=== Material provided ===

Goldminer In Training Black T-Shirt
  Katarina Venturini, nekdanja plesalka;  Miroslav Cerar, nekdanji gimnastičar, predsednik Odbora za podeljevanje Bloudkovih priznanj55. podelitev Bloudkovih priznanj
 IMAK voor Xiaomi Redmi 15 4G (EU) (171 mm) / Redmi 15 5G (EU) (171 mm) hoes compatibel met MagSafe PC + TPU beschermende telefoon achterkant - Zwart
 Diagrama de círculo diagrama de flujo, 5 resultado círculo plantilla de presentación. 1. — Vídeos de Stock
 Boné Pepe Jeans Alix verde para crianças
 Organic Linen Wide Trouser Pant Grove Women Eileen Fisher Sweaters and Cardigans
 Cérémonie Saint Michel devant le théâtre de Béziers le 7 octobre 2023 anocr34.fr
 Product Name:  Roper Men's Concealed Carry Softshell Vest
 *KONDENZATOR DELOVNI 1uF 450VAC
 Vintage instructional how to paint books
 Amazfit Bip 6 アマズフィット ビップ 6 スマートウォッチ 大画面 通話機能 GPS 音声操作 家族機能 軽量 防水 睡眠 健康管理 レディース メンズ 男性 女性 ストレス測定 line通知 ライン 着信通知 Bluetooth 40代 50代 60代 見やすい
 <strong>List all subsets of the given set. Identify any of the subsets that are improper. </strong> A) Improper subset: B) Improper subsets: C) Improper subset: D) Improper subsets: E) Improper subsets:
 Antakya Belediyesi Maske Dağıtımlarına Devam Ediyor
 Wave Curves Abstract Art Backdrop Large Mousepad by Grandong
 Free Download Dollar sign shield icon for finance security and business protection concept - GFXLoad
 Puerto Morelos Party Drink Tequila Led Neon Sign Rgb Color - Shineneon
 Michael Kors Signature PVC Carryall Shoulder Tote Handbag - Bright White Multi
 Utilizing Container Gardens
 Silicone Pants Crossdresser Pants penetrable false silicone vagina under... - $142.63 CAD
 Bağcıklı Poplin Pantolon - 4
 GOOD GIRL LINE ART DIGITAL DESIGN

===

Given the data above, transcribe exactly the lines from the one containing "Diagrama de círculo" down to the one containing "Amazfit Bip 6", and no others.

● Solved problem:
 Diagrama de círculo diagrama de flujo, 5 resultado círculo plantilla de presentación. 1. — Vídeos de Stock
 Boné Pepe Jeans Alix verde para crianças
 Organic Linen Wide Trouser Pant Grove Women Eileen Fisher Sweaters and Cardigans
 Cérémonie Saint Michel devant le théâtre de Béziers le 7 octobre 2023 anocr34.fr
 Product Name:  Roper Men's Concealed Carry Softshell Vest
 *KONDENZATOR DELOVNI 1uF 450VAC
 Vintage instructional how to paint books
 Amazfit Bip 6 アマズフィット ビップ 6 スマートウォッチ 大画面 通話機能 GPS 音声操作 家族機能 軽量 防水 睡眠 健康管理 レディース メンズ 男性 女性 ストレス測定 line通知 ライン 着信通知 Bluetooth 40代 50代 60代 見やすい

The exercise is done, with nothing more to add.